◆ **EXERCISE DIRECTIONS**
Search the records for the string "least". Copy each line where it occurs.

◆ **EXCERPTED DATA**
====================
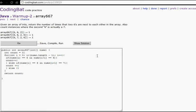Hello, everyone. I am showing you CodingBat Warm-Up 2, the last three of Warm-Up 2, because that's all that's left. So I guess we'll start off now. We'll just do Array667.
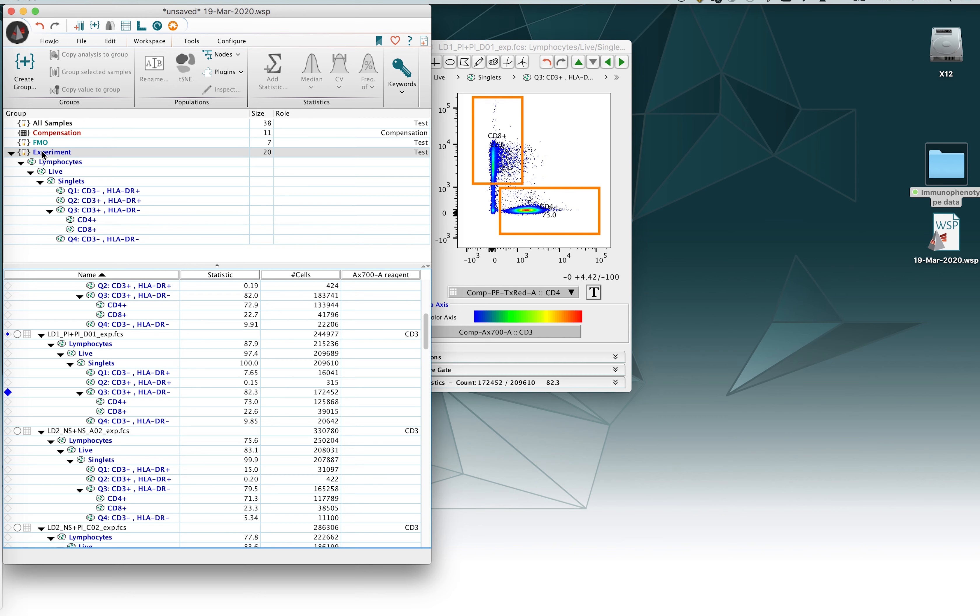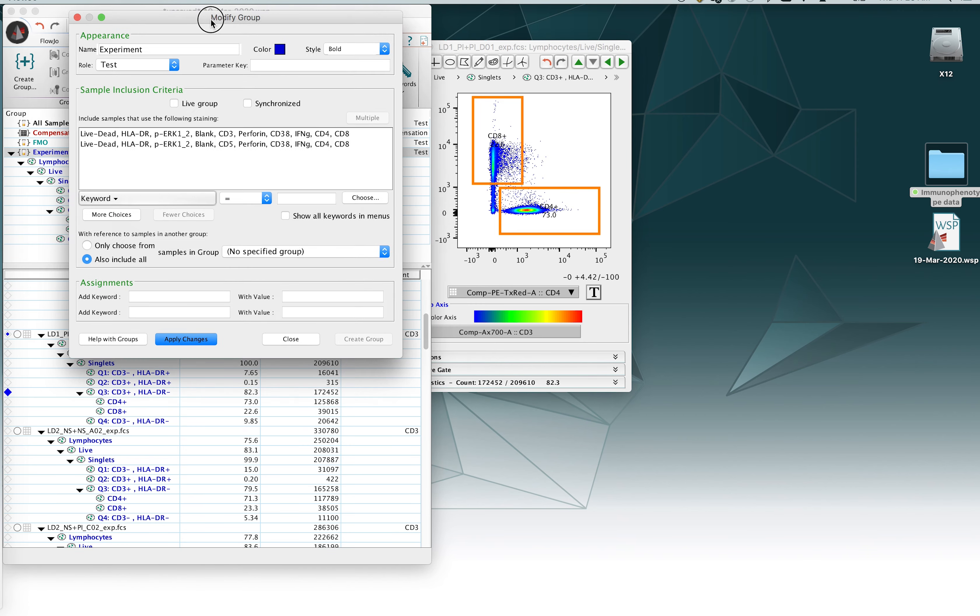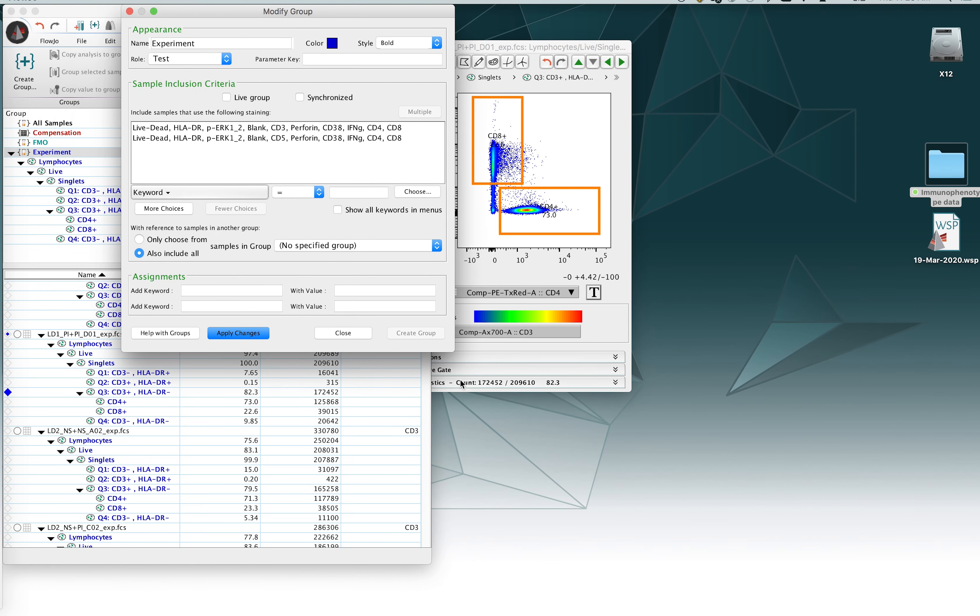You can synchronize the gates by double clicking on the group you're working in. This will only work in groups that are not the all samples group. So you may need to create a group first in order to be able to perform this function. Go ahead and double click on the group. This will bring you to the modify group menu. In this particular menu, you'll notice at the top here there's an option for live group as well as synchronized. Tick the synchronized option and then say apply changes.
====================
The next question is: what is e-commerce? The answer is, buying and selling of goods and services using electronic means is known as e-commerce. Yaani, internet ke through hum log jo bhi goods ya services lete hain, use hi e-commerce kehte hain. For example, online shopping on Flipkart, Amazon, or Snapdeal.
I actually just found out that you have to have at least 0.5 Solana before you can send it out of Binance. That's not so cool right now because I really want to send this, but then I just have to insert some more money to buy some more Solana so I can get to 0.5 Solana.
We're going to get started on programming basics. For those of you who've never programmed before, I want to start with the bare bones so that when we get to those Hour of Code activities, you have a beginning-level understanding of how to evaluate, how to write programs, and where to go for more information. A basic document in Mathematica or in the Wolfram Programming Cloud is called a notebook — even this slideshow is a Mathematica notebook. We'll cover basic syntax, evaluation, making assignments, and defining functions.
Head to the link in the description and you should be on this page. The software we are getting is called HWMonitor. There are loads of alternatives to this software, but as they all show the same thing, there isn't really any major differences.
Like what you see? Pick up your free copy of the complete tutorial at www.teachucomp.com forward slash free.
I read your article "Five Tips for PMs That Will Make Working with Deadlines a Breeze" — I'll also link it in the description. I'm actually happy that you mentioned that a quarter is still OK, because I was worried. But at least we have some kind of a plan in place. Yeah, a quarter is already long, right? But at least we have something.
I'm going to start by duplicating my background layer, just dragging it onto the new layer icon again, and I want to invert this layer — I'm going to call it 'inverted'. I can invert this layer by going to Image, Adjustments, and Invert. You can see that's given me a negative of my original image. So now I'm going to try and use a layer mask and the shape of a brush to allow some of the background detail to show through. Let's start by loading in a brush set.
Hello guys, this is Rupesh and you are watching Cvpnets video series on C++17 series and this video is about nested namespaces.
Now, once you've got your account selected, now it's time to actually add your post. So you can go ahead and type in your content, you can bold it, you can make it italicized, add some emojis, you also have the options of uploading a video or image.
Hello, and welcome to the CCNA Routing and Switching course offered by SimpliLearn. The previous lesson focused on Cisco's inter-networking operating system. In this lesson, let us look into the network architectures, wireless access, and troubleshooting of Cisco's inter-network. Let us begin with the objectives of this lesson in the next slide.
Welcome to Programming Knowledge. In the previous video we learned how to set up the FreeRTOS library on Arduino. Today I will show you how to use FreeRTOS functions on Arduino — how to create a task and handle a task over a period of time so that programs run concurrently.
====================
◆ **TASK SOLUTION**
I actually just found out that you have to have at least 0.5 Solana before you can send it out of Binance. That's not so cool right now because I really want to send this, but then I just have to insert some more money to buy some more Solana so I can get to 0.5 Solana.
I read your article "Five Tips for PMs That Will Make Working with Deadlines a Breeze" — I'll also link it in the description. I'm actually happy that you mentioned that a quarter is still OK, because I was worried. But at least we have some kind of a plan in place. Yeah, a quarter is already long, right? But at least we have something.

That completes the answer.